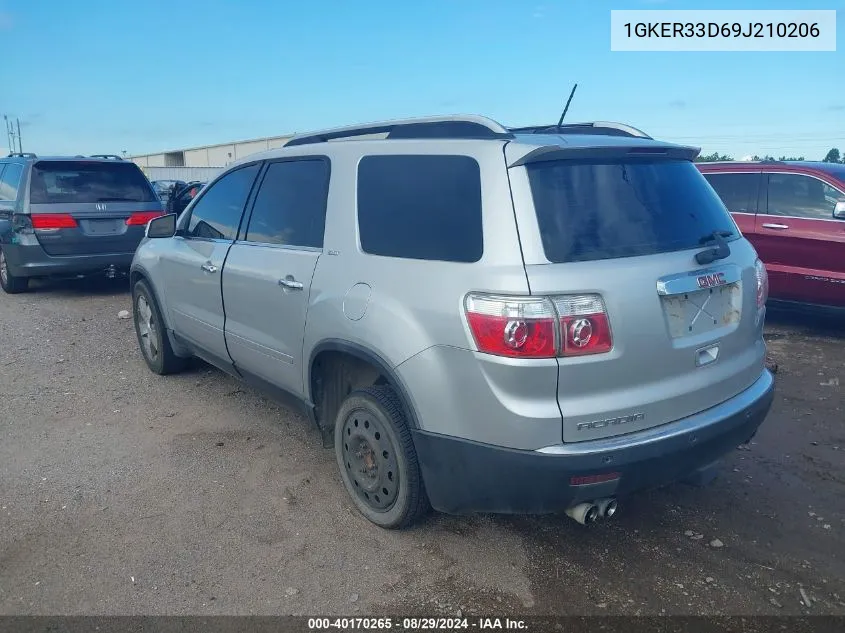 2009 GMC Acadia Slt-2 VIN: 1GKER33D69J210206 Lot: 40170265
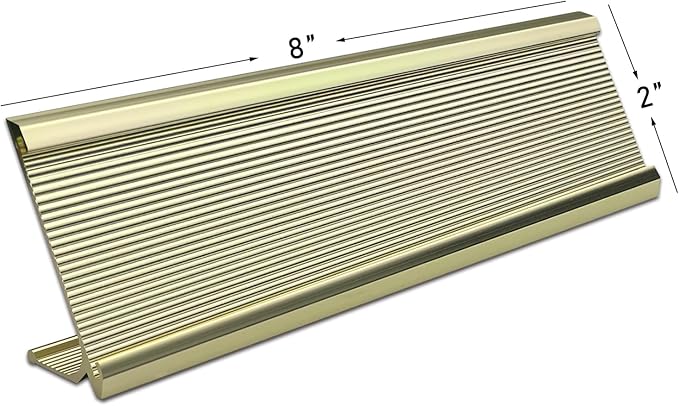 10 Pack 2" x 8" Aluminum Desk Name Plate Holder, Office Name Plate Holder for Desks, Desk Sign Holder for Office Conference, Meeting Room or Other Business Event (Gold)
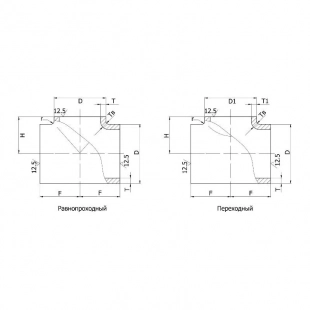 Тройник переходный стальной бесшовный приварной 108х4-76х3,5, исполнение 2, ст. 08Х18Н10Т, ГОСТ 17376-2001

^^^^

• [WORK INSTRUCTIONS]: Every line between the one containing "Business Event (Gold)" and the end of the listing, both included, needs to be retyped exactly, minus the pictures.

• [TASK RESPONSE]:
 10 Pack 2" x 8" Aluminum Desk Name Plate Holder, Office Name Plate Holder for Desks, Desk Sign Holder for Office Conference, Meeting Room or Other Business Event (Gold)
 Тройник переходный стальной бесшовный приварной 108х4-76х3,5, исполнение 2, ст. 08Х18Н10Т, ГОСТ 17376-2001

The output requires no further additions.